The hyperpartisanship of today’s impressionable societies has engendered a distrust of expertise and compromise, as the pandemic is showing us. Polarization leads to the conviction that opponents have been silenced or emasculated by shadowy forces, deep states. Applebaum says it is “no accident” that Trumpists and Brexiteers, like their counterparts in Poland and Hungary, attack civil servants, professional diplomats, judges, and courts—even elections themselves.

At times Applebaum engages in some restorative nostalgia herself, longing for better days of yore when supposedly right-minded folk set aside their differences for the sake of comity and stable governance. There’s a kind of exasperated tut-tutting in her defense of democracy’s tiresome imperfections. (“You can press a button on your phone and buy a pair of shoes, but it can take months to form a government coalition in Sweden.”)

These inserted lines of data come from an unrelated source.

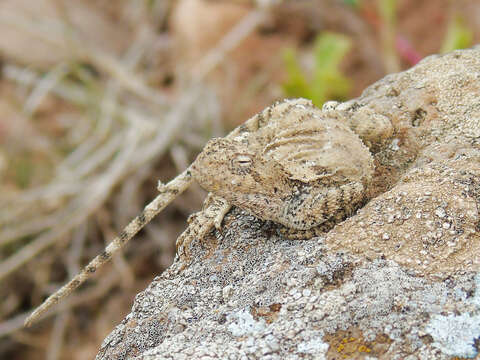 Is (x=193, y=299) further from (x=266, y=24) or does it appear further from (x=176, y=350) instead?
(x=266, y=24)

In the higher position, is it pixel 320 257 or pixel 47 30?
pixel 47 30

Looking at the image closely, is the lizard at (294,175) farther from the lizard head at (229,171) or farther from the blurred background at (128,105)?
the blurred background at (128,105)

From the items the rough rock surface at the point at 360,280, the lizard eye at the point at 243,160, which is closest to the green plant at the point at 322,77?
the rough rock surface at the point at 360,280

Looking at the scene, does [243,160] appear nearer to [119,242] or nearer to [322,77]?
[119,242]

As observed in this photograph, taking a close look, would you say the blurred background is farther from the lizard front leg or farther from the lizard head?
the lizard head

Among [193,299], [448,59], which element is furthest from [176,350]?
[448,59]

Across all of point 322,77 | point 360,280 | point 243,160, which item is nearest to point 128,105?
point 322,77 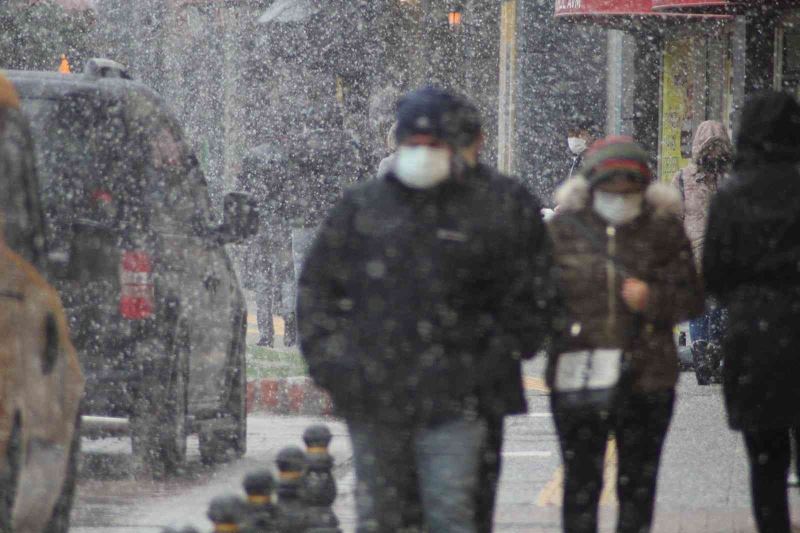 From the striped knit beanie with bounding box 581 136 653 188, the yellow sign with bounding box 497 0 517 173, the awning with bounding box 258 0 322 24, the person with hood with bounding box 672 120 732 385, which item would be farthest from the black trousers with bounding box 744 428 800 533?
the awning with bounding box 258 0 322 24

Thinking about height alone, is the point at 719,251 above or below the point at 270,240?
below

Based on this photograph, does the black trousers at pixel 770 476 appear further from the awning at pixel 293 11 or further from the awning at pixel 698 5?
the awning at pixel 293 11

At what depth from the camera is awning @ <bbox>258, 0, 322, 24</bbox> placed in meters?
30.2

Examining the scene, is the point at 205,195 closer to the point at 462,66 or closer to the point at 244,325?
the point at 244,325

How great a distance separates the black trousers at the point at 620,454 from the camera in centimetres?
655

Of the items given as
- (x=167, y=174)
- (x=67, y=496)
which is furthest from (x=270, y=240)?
(x=67, y=496)

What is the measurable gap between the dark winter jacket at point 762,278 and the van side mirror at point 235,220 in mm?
3868

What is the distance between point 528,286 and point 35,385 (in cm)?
162

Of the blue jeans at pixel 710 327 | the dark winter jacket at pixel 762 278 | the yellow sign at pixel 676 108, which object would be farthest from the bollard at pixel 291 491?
the yellow sign at pixel 676 108

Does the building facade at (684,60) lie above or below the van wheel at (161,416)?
above

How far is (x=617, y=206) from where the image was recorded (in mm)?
6512

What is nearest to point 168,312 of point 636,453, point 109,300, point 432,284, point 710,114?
point 109,300

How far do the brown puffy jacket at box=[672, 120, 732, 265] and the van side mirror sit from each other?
4429 mm

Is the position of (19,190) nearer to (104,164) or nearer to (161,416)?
(104,164) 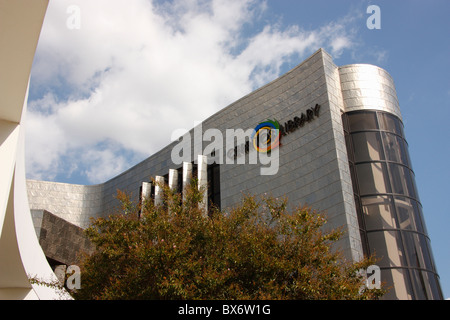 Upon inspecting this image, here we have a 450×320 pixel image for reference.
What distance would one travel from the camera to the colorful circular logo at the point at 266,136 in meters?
28.0

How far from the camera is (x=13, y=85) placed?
8461mm

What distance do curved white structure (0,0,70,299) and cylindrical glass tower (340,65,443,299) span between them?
1688cm

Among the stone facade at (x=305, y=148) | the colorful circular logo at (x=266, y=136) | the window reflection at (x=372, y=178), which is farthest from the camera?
the colorful circular logo at (x=266, y=136)

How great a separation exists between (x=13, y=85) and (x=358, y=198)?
1977cm

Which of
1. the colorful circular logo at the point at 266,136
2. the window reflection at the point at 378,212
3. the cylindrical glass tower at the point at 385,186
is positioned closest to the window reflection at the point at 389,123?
the cylindrical glass tower at the point at 385,186

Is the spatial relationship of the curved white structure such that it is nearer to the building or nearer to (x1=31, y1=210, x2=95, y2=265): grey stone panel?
(x1=31, y1=210, x2=95, y2=265): grey stone panel

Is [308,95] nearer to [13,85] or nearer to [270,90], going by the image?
[270,90]

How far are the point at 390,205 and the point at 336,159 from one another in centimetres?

In her penultimate chapter, Applebaum returns to the phenomenon as it is playing out in the country of her birth. She grants that the American left has its own record of wild intolerance and groupthink. But for her, this does not compare to the “moral equivalence” implicit in the rhetoric of Donald Trump and his Republican lackeys, who see “no important distinction between democracy and dictatorship … The unity of this America is created by white skin, a certain idea of Christianity, and an attachment to land that will be surrounded and defended by a wall.” Applebaum professes surprise that this moral equivalence “emerged in the political party that has most ostentatiously used flags, banners, patriotic symbols, and parades to signify its identity.”

As a younger journalist who traveled in Washington circles, Applebaum was once friendly with many of the young conservatives inspired by Ronald Reagan and optimistic about a renaissance of democracy. The rise of Donald Trump has divided them, just as it divided their intellectual forebears in Poland.

One of Applebaum’s former friends and comrades is Laura Ingraham, today’s Fox News personality, who spoke as recently as 2007 of the virtues she associated with America: “honor, courage, selflessness, sacrifice, hard work, personal responsibility, respect for elders, respect for the vulnerable.” How Ingraham squares these beliefs—“without virtue we will be ruled by tyrants,” she said—with her fulsome embrace of Trumpism leaves even someone as shrewd as Applebaum utterly stumped.